As a reward for doing too much work too quickly, I got the privilege of downloading and learning another AR interface. Now, this, I’m excited about.
When I get back to uni tomorrow, I’ll try and make my work brief-responsive. Or recreate my work from artivive in the Aero interface.
There are a couple of more interactive features, ones I’m really excited about. Animations and movements playing when you tap, or anchoring AR to the floor or walls rather than just images.
What’s not very clever? Attempting to climb down slick concrete steps to the seafront when it’s pitch dark. But if you’ve got a huge crush on the guy you’re with, you might not be thinking straight. Actually, the thought of sitting by the sea with an attractive man in the dark might seem like a very good idea.

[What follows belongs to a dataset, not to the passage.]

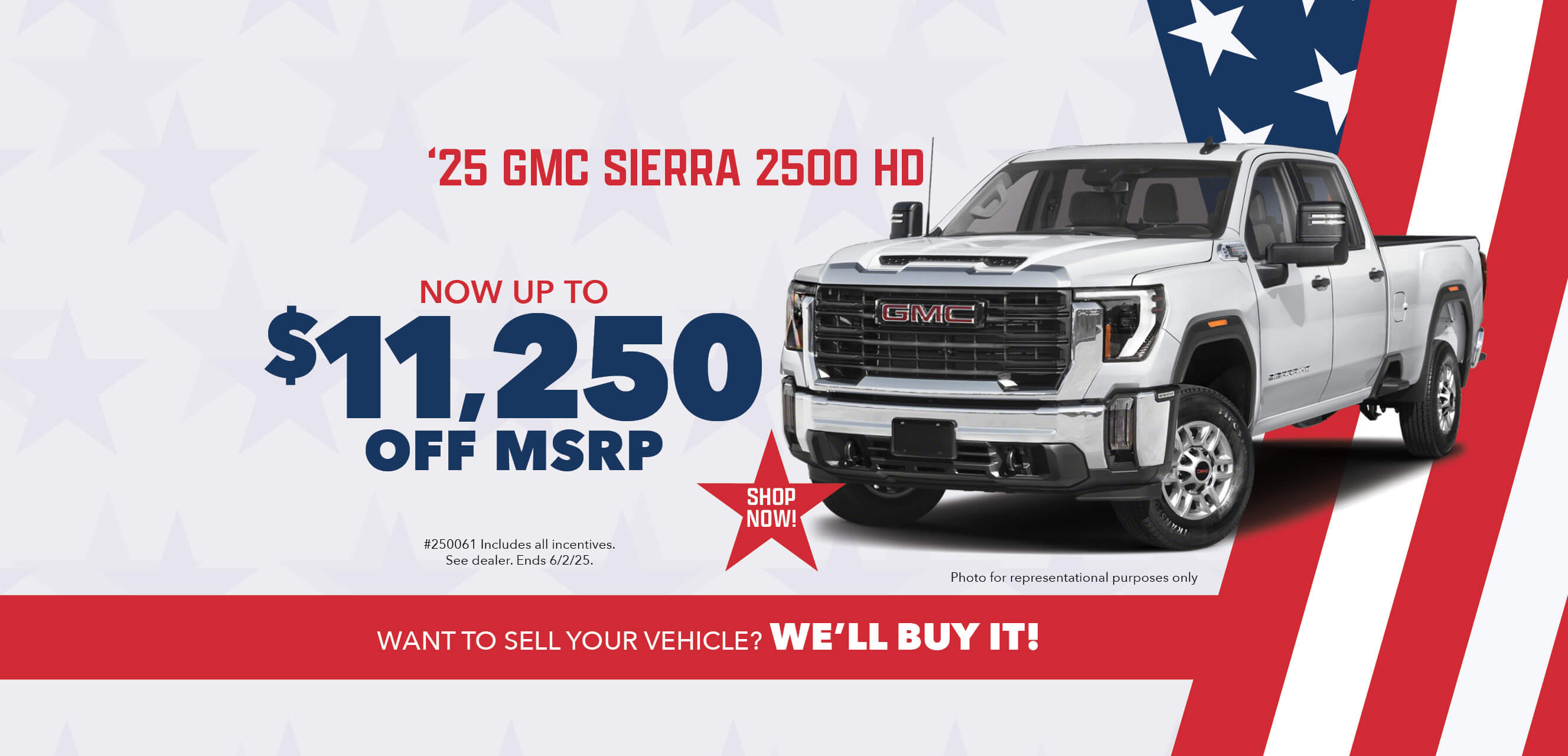 Silver car with advertising slogans: Employee Pricing Plus event at Behlmann! Now up to $11,250 off MSRP on 2025 GMC Sierra 2500 HD.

Drake and Ludwig are both so shy, I find myself having to write in events that physically push them together. This includes, but is not limited to, fainting from hunger, tripping over a tree root, getting shot by an arrow and needing to be carried, needing to take measurements as a tailor, having to huddle together from a sudden shower, having to hide when friends were looking for them, pretending to joust and de-horse each other, being set against each other at dunking the other in a river. Having to be led in the dark by the other when one was a vampire. Needing to be carried back into the sea by the other when one was a mermaid (and for posterity, Ludwig didn’t need carrying. He’s cheeky).
And the latest – spraining an ankle on the way down to the sea.
Ok, I’ve talked enough. You deserve to hear about some art now.
A really interesting process for this one, experimental, seeing what worked and how I can push stuff further.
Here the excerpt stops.